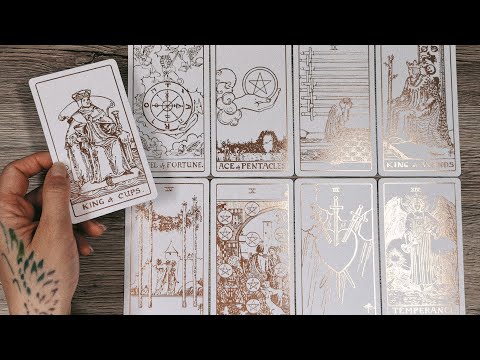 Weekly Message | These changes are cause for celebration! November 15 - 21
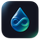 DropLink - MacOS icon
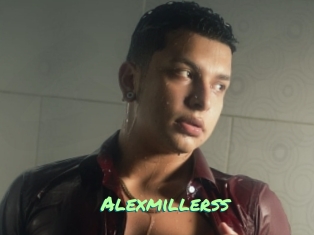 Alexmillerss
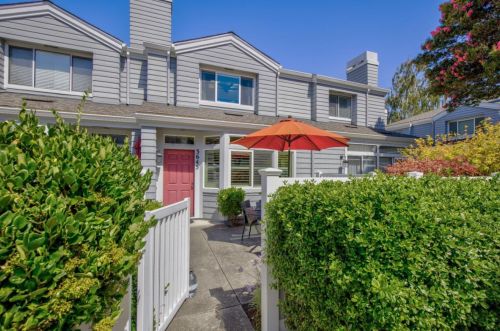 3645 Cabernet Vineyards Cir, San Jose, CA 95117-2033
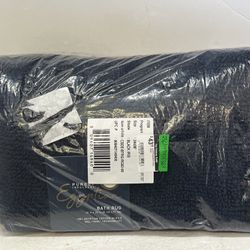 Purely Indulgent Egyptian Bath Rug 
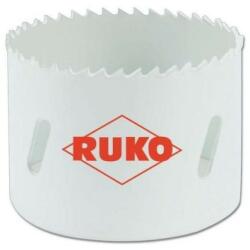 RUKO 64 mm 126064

---*---

■ Aim of the task: An exact transcription is requested of each line from the one that holds "Purely Indulgent Egyptian Bath Rug" to the end of the listing above, both boundary lines included; pictures are to be omitted.

■ Finished exercise:
 Purely Indulgent Egyptian Bath Rug 
 RUKO 64 mm 126064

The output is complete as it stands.